Output every line below exactly, please, omitting pictures.

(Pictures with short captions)
-- Opening Marker --

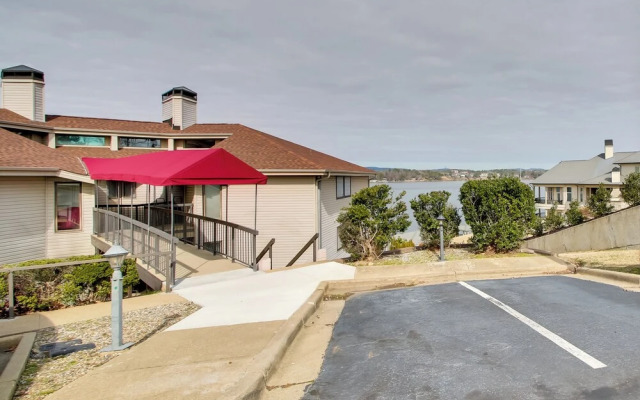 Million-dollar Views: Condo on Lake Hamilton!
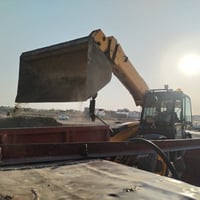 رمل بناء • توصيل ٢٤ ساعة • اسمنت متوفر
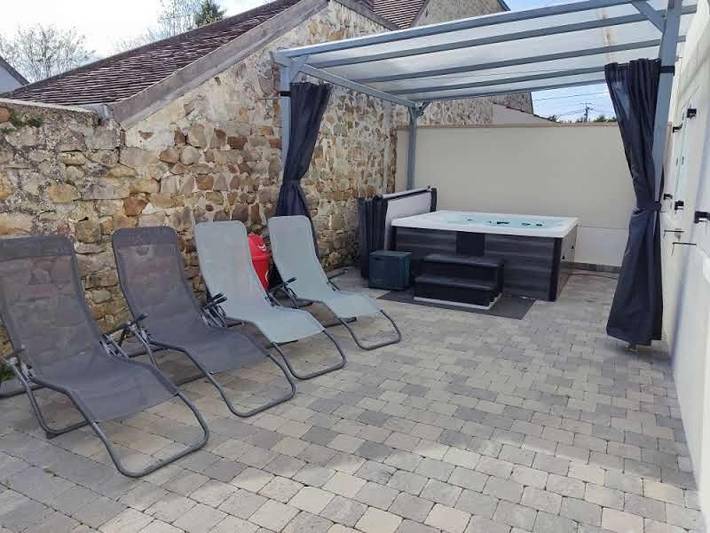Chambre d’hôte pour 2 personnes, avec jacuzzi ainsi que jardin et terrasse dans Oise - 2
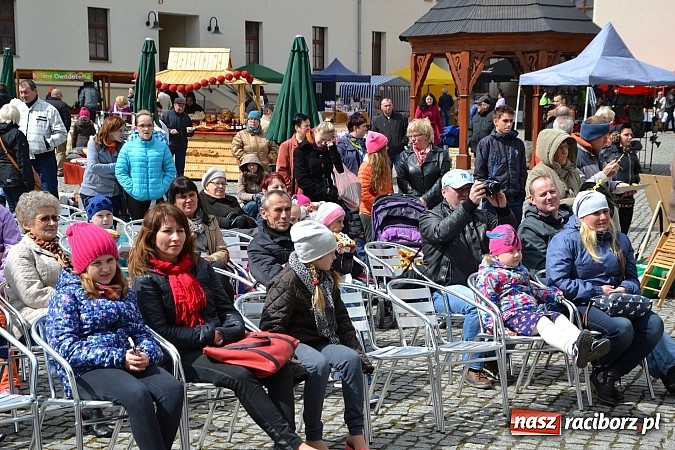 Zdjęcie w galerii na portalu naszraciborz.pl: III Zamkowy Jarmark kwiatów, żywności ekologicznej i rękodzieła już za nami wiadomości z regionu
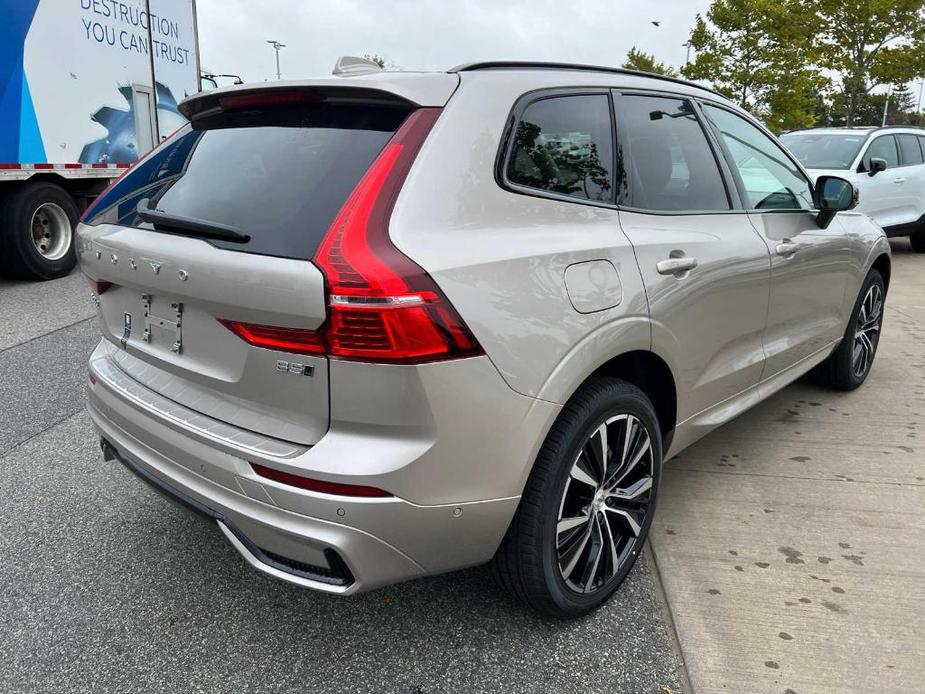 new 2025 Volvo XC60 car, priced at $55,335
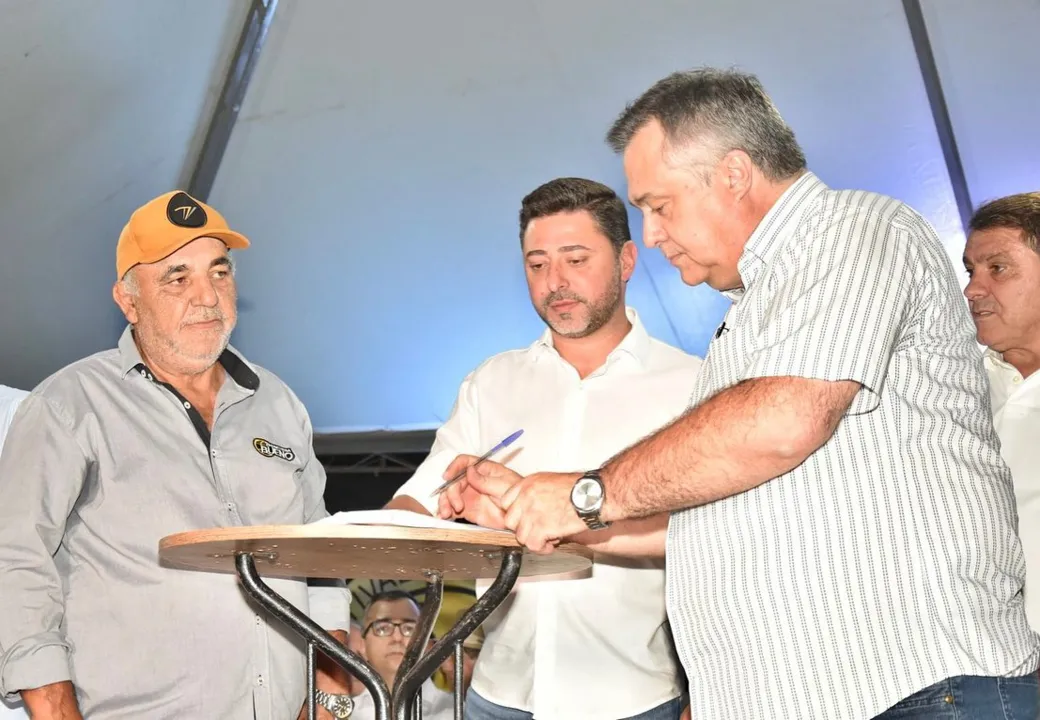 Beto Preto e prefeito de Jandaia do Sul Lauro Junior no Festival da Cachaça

-- Closing Marker --

## SOLUTION FOR THIS EXERCISE
 Million-dollar Views: Condo on Lake Hamilton!
 رمل بناء • توصيل ٢٤ ساعة • اسمنت متوفر
Chambre d’hôte pour 2 personnes, avec jacuzzi ainsi que jardin et terrasse dans Oise - 2
 Zdjęcie w galerii na portalu naszraciborz.pl: III Zamkowy Jarmark kwiatów, żywności ekologicznej i rękodzieła już za nami wiadomości z regionu
 new 2025 Volvo XC60 car, priced at $55,335
 Beto Preto e prefeito de Jandaia do Sul Lauro Junior no Festival da Cachaça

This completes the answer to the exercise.